The use of arbitrage jargon added another layer of perceived legitimacy. High-frequency trading and cross-exchange arbitrage are real strategies used by sophisticated firms, but they require robust infrastructure, risk controls, and verifiable performance records. Retail investors, hearing those terms paired with “AI,” may have assumed they were accessing institutional-grade tools. The SEC contends that instead of a tested system, investors were effectively buying into a story.
What the SEC’s Fuller complaint documents
The agency’s enforcement action identifies Fuller as a Texas resident and alleges he orchestrated a multi-million dollar crypto asset fraud scheme. The core numbers are specific: approximately $12.3 million raised from about 150 investors.
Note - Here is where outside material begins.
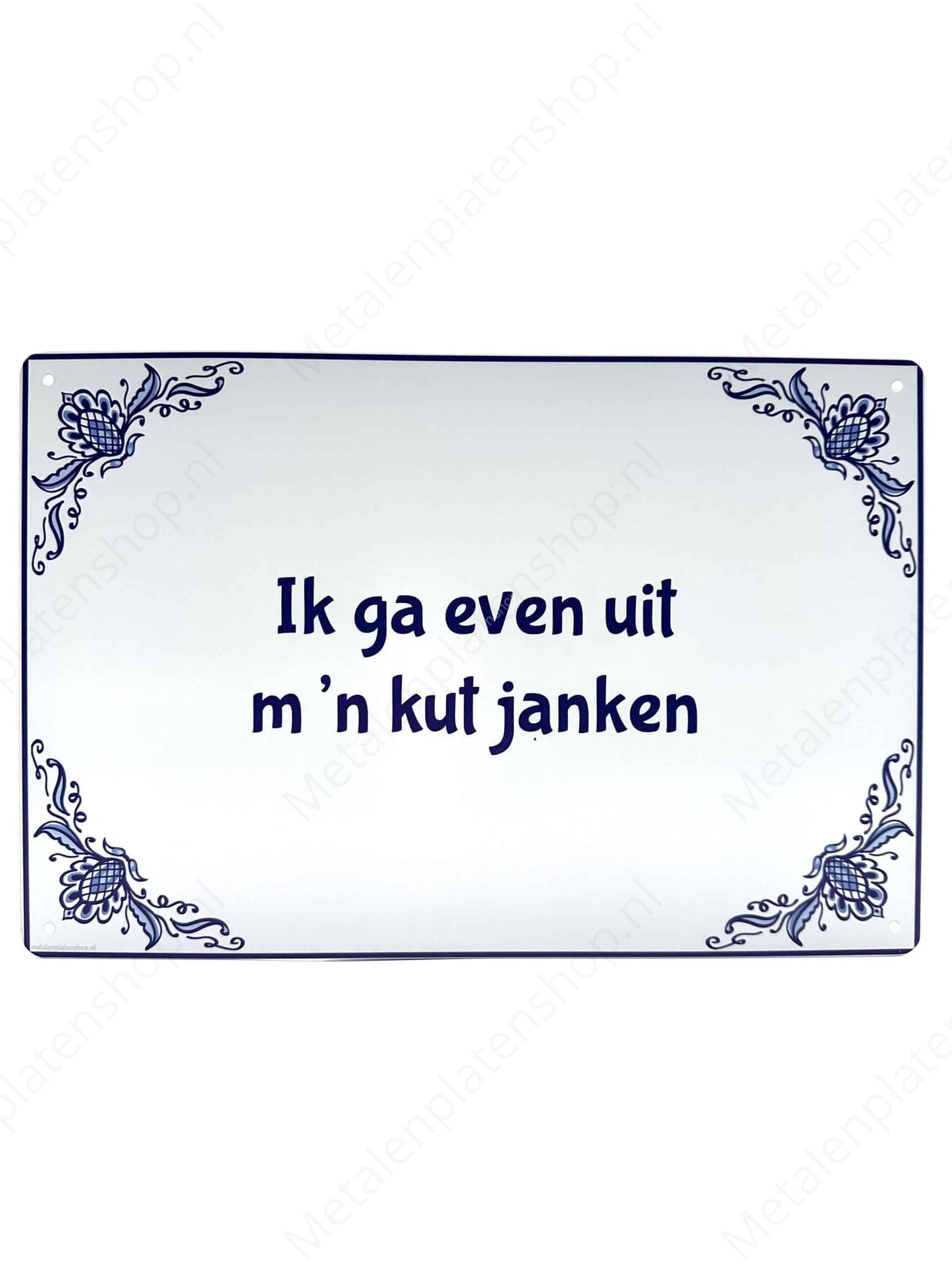 Delft Blue - I'm going to cry my ass off - Metal Wall Sign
The timeline runs from at least October 2022 through mid-2024, covering a stretch when public excitement about generative AI tools and crypto trading platforms was at a peak.
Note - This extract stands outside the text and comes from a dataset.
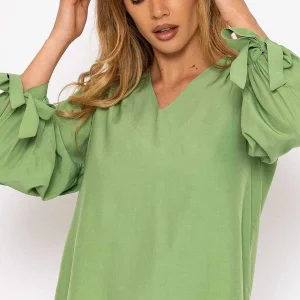 Rowen Avenue Tie Sleeve Top In Sage*Women Tops & Blouses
The SEC’s description of the scheme centers on two claims Fuller allegedly made to investors. First, that he had built proprietary AI-based trading bots. Second, that those bots would execute high-frequency arbitrage across crypto markets, generating steady returns. The agency says neither claim was true. The complaint does not detail where the $12.3 million ultimately went, but the SEC’s characterization of the case as fraud indicates the funds were not used as promised.
As with other enforcement matters, the formal complaint and related documents are expected to be accessible through the SEC’s EDGAR filing system once they are fully processed. Those records typically include the complaint, any emergency relief motions, and subsequent court orders. Investors and observers who want to follow the case can monitor updates by searching the defendant’s name or case number through the EDGAR portal, which aggregates public corporate and enforcement filings.
According to the SEC’s summary, the agency is seeking injunctive relief, disgorgement of ill-gotten gains, and civil penalties. While the release does not spell out every requested remedy in detail, those are standard components in alleged offering fraud cases. Any parallel criminal investigation, if it exists, is not described in the public civil documents.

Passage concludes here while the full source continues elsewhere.